La peculiaridad de este instrumento trae cola. Ya sea en su modelo más extendido en la región -el de tres cuerdas- o no tanto -el de cuatro-, el rabel ofrece muchas posibilidades musicales. Daniel lo va explicando gustoso, pues todo lo que suene al instrumento más característico del folclore, le llena de emoción. «Es un instrumento de cocina, como suele decirse, porque si no lo sonorizas mediante sistemas externos, no se escucha en grandes espacios. En un cuarto pequeño no hace falta la sonorización, pero en un sitio grande, sí. Es como el violín».

¿Y lo de la construcción de rabeles? ¿De dónde le llegó? «De manera autodidacta». Como de la misma manera llegó su afición por hacer maquetas de barcos, una pasión con la que quitó el miedo a la construcción y desarrolló su talento.
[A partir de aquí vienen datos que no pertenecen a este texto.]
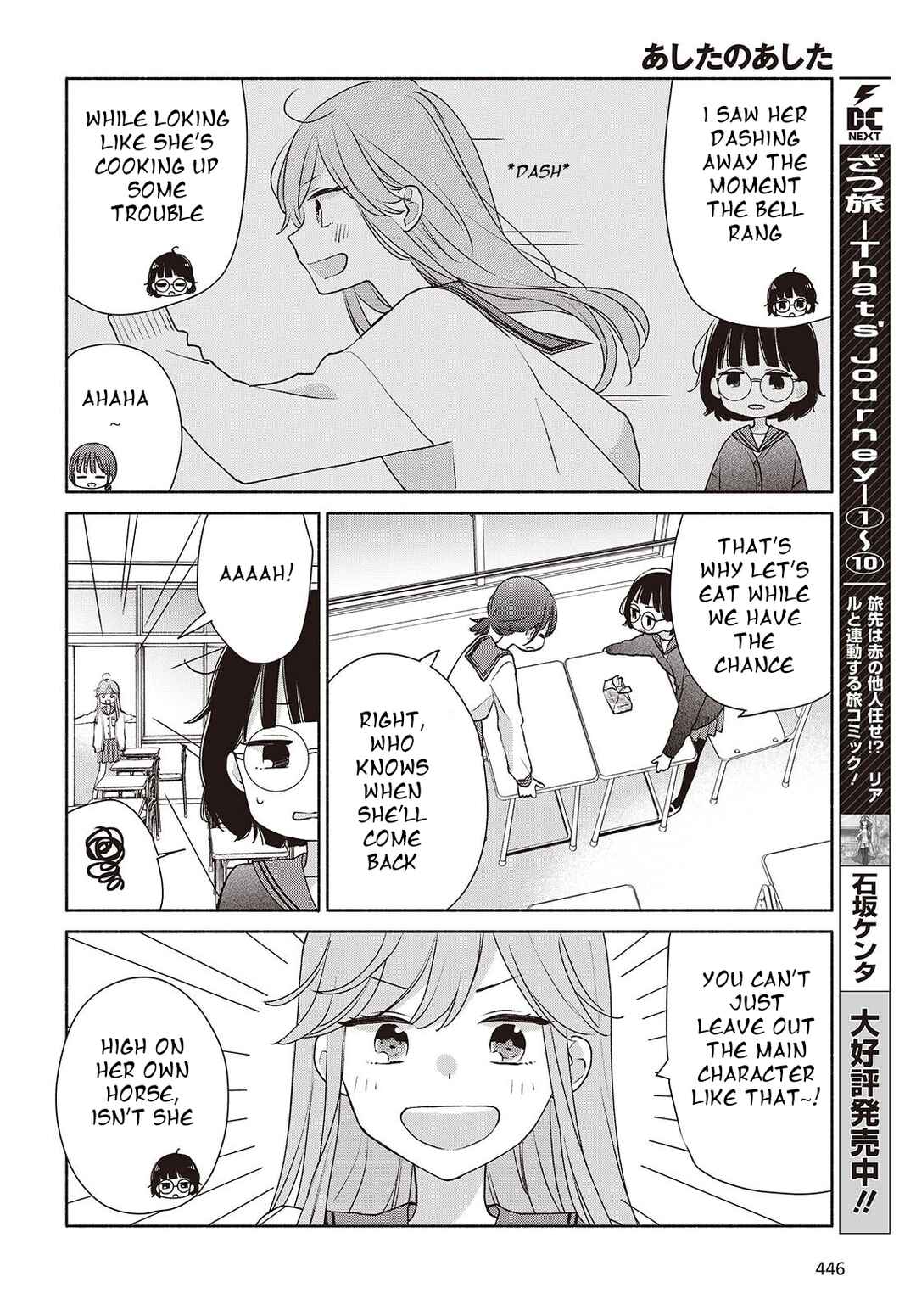 Chapter 3 - Page 2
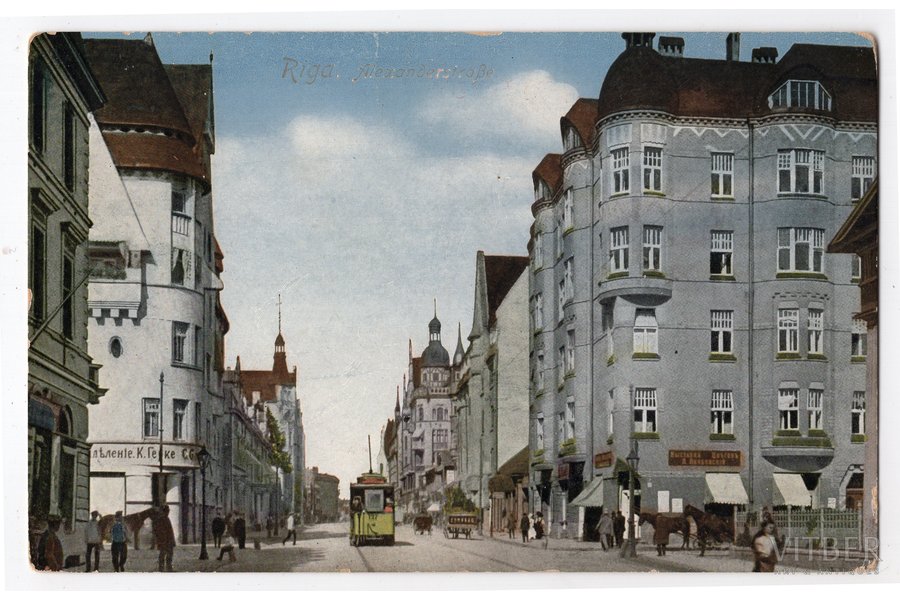 postcard, Riga, Alexander street, Latvia, Russia, beginning of 20th cent., 14х9 cm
Daniel asegura que llevará realizados unos 35 rabeles, entre los modelos grandes y pequeños y que, a la hora de ponerse a realizar el instrumento hay que tener en cuenta una serie de peculiaridades. «La materia prima, esto es, la madera: si es de algún frutal, mejor». Además, asegura que se tiene que trabajar bien y que no debe ser demasiado dura, ni demasiado blanda. «Cuanto más fina sea la madera, mejor sonoridad».

Además, Daniel sostiene que ningún rabel suena igual que otro. «Por eso son tan personales». Una diferencia que también se hace más evidente en zonas concretas de la región, donde incluso, los materiales cambian. «En Polaciones, por ejemplo, los rabeles tienen la tapa de piel; en Toledo, de metal». Todo tiene una explicación: «Era lo que siempre se tenía a mano en la zona».

A Daniel le encanta la canción montañesa y dentro del folclore le gustan los romances, porque entre otras cosas, «eran la única manera que había entonces de contar historias en las cocinas, cuando ni siquiera había radio». «También las jotas», por supuesto.